عنوان مقاله [English]
In the current study, a series of 1 g shaking table tests was performed to study the Tehran subway tunnel effect on the ground surface acceleration response. Two reduced-scale 1 g shaking table models, designated as FF and SF, were constructed in 1/32 scale. The FF was constructed to study the seismic response of the soil layer in free field condition, while the SF model includes a subway tunnel to study its effect on the acceleration response of nearby ground. In prototype scale, the subway tunnel with 8 m diameter and 0.35 m thickness was embedded in a soil layer with 32 m thickness. The soil was dense sand with 70% of relative density. The models were constructed in a rigid box made from Plexi-glass with dimensions of 178*80*120 cm (L.H.W.). Lateral boundaries of the models were covered with conventional foam in order to reduce the lateral boundary effect on the seismic response of the soil layer. The constructed SF model is depicted in Figure (1a). The accelerometers and LVDT transducers installed in the models to record the acceleration in the soil and settlement at model surface are illustrated in Figure (1b).

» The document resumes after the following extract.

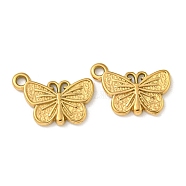 Ion Plating(IP) 304 Stainless Steel Charms, Butterfly Charm, Real 18K Gold Plated, 10.5x15.5x1.5mm, Hole: 1.6mm(STAS-N103-111G)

The experimental study revealed that the tunnel does not affect the incident waves with dimensionless period (λ/D) larger than 10. Previous numerical studies [1-2] also demonstrated that an underground tunnel does not affect the free field response at λ/D greater than 10. Up to now, this finding has not been demonstrated by any experimental research. However, the physical modeling performed here is suffered from some limitations regarding the applied frequencies. Therefore, a numerical model was developed based on the results of the shaking table tests, and the effect of the tunnel on the excitations with higher frequency ranges was investigated. Besides, the effect of different parameters such as shear wave velocity of the soil, flexibility ratio and depth of the tunnel on the acceleration at the ground surface was numerically determined. Figure (2) shows the numerical model of the SF model in prototype scale.

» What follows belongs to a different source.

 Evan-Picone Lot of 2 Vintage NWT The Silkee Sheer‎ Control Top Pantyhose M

Six real earthquake motions that were matched to the response spectrum of ground type I in Standard 2800 were used in the parametric analyses. PGA of the motions was scaled to 0.35 g. The push of the amplification during the analyses were considered as the maximum response and depicted as amplification pattern at the ground surface. Amplification pattern at the ground surface for a tunnel at h/a=1.5 in soils with different shear wave velocities (VS) is depicted in Figure (3). As presented, the maximum amplification occurred at X/a = 1.5 for all Vs. Moreover, as the shear wave velocity increases, the amplification ratio decreases. The study revealed that the amount of the amplification on the ground surface depends on the tunnel depth and shear wave velocity of the soil. The maximum amplifications at the ground surface was equal to 5, 8 and 10 percent for the tunnel depth rations of 1.5, 2 and 3, respectively, in a soil medium with 175 m/s of the shear wave velocity. The effect of tunnel depth on the amplification pattern was investigated in the parametric study. It was concluded that as the tunnel depth increases, the amplification ratio decreases. The tunnel depth affects the location of the maximum amplifications. As the tunnel depth increases, the location of the maximum amplification gets away from the tunnel center and occurs at longer distance from the tunnel center.

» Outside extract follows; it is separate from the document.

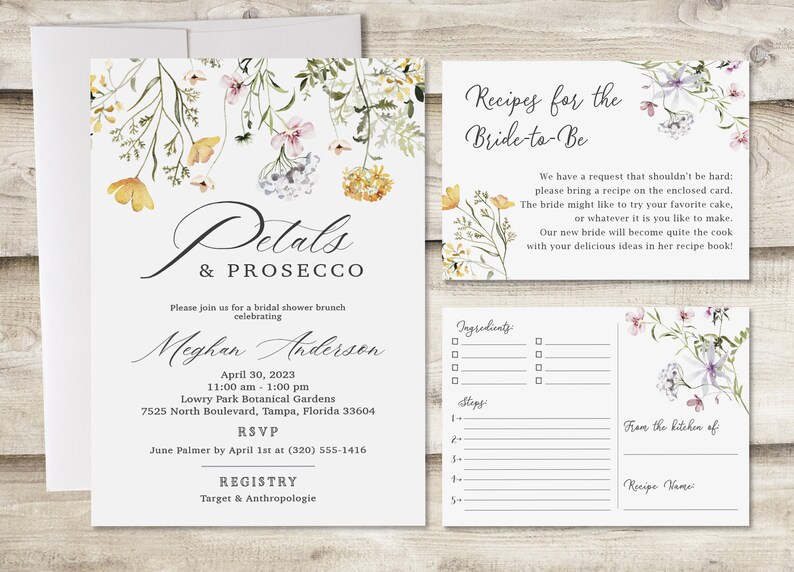 Petals & Prosecco Bridal Shower Invitation with Recipe Card and Insert Card, Greenery Floral Wedding Shower Invite, Botanical Garden Kitchen imagen 5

The effect of the Tehran subway tunnel on the response spectrum at the ground surface in different soil for different ratios of the tunnel depth was investigated. It was concluded that the subway tunnel in soils with different shear wave velocity affects the different ranges of the periods. A subway tunnel with 8 m diameter influences the seismic response of the buildings with the period lower than 0.4 sec or the buildings smaller than 10 m. It means that the tunnel has an adverse effect on the short buildings.
References 1. Yiouta-Mitra, P., Kouretzis, G., Bouckovalas, G., and Sofianos, A. (2007) Effect of underground structures in earthquake resistant design of surface structures. Dynamic Response and Soil Properties, Geo-Denver: New Peaksin Geotechnics. 2. Alielahi, H., Kamalian, M., and Adampira, M (2015) Seismic ground amplification by unlined tunnels subjected to vertically propagating SV and P waves using BEM. Soil Dynamics and Earthquake Engineering, 71, 63-79.